Sarfraz Manzoor 

A painfully revealing portrait of Beryl Bainbridge

Charlie Russell's documentary about his grandmother, Beryl Bainbridge, is deeply affectionate portrayal of what she thought was going to be her last year alive.
  
  


Charlie Russell's documentary on one year in the life of the writer Beryl Bainbridge begins with a birthday party scene; its power lies in the audience's uncertainty as to whether it will end with another birthday or a funeral. With nine family relatives apparently all dying at the age of 71 Bainbridge was understandably nervous about her chances of lasting until 72, rather less predictably she agreed to allow Russell unfettered access to follow her as she reflects on her life.

Russell's film Beryl's Last Year is a revealing, often painfully so, portrait of the five times Booker-nominated author, a woman who in Russell's unsparing words "smokes too much, drinks too much and has written a book in years". Securing access to Bainbridge did not pose a great hurdle to Russell: she is his grandmother.

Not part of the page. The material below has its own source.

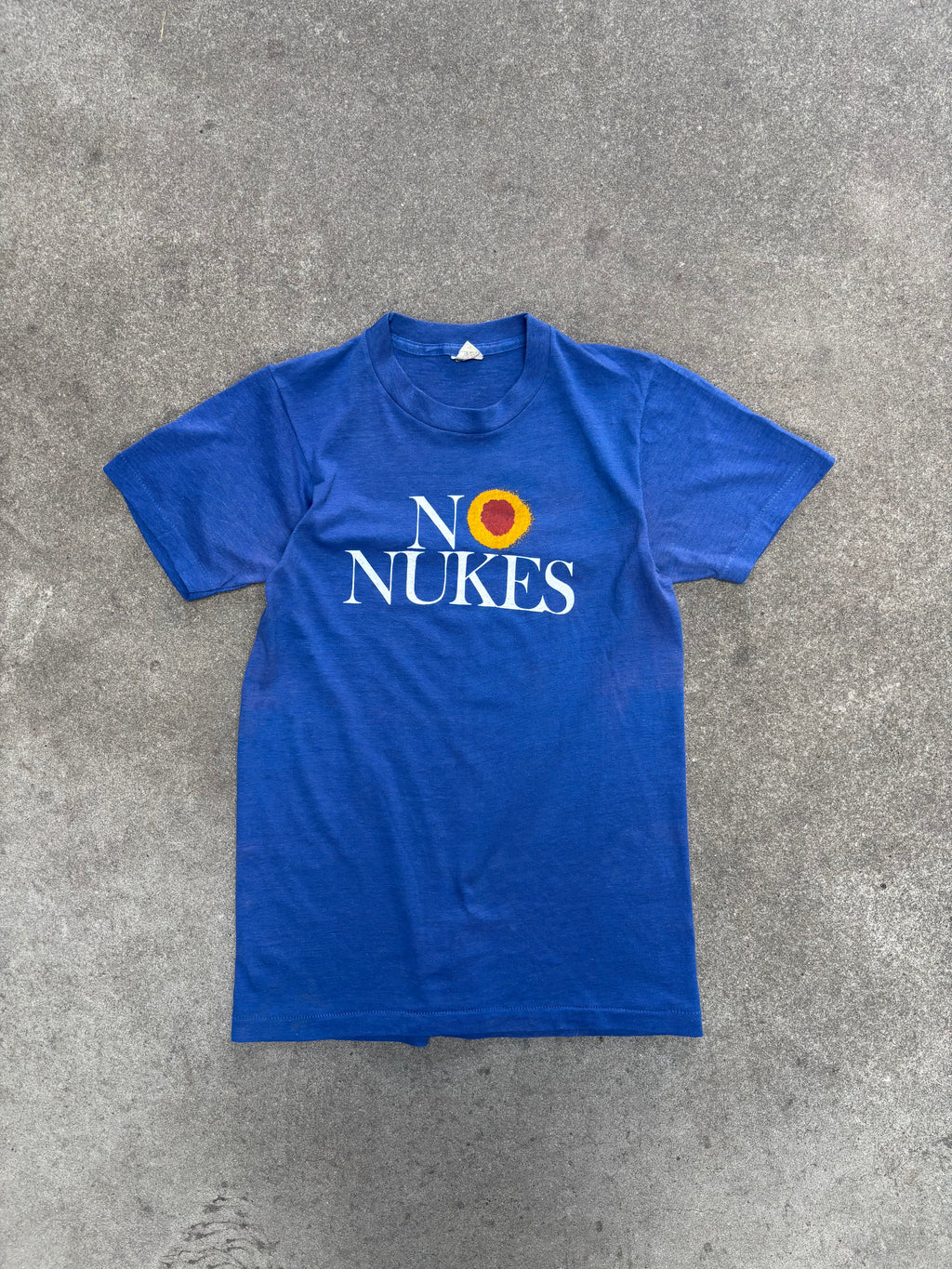 1970S VINTAGE "NO NUKES" ANTI-NUCLEAR GRAPHIC TEE (S)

Talking on the Guardian Haycast Bainbridge said that she agreed to make the film because it was her grandson behind the camera and while the film is undoubtably a powerful and gripping work Russell told me that the genesis of the film was as a series of interviews with his grandmother, an attempt for a grandson to understand his famous grandmother, to bring the past to life in the knowledge that life is finite. It was only later that these interviews were, with the support of the BBC, shaped into a film.

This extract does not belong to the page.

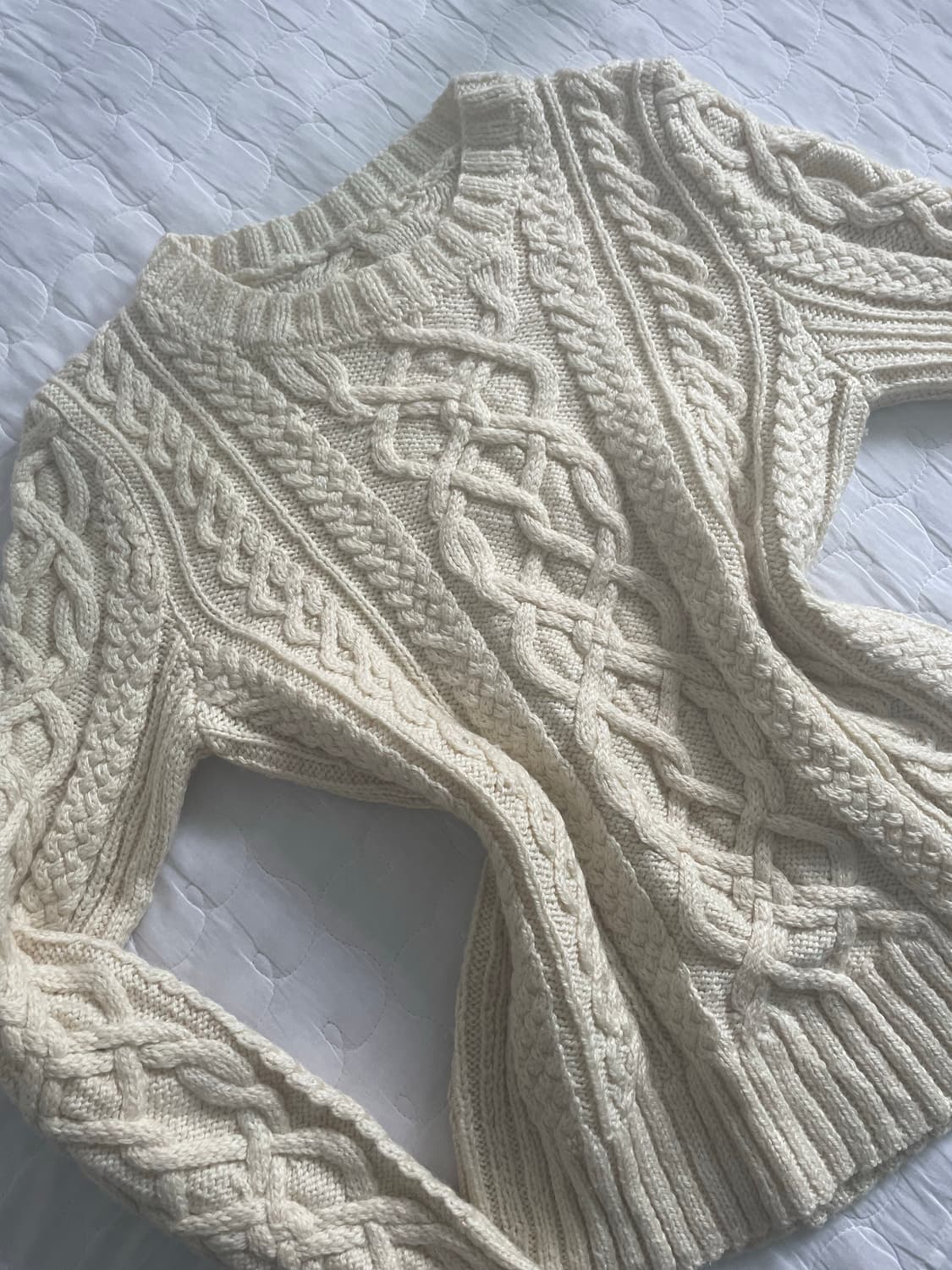 아이보리 꽈배기 니트 상품이미지1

The filmmaker, who is 26, claims that Bainbridge never actually believed she would die at 71 but this seems disingenous- it is the grim reaper who provides the narrative drive to the entire film. With death on her mind Bainbridge returns to her past, the men who rejected her, the Liverpool of her childhood as well as her writings which so often were rooted in reality.

Some writers wish to maintain a level of mystery about the origins of their stories but Bainbridge seems content to lift the curtain on her fiction and reveal how often it was built on facts. What one leaves and keeps are questions that concern all filmmakers but when you are constructing a portrait of someone in your family these tensions are surely heightened.

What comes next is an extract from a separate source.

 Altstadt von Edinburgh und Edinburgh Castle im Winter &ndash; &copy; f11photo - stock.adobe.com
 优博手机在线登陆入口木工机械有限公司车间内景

It is to Russell's credit that his portrait of Bainbridge is deeply affectionate, even when she is falling down drunk at a book event, or coughing painfully in her bed the camera does not feel exploitative. By the end of the film Bainbridge, having reached 72, discovers something about her parents which sheds new light on her fear of 71. The writers block that has plagued her shows signs of lifting and she appears enthused again about her work. The lesson of Beryl's Last Year is that the most effective way to conquer the fear of death is to embrace living.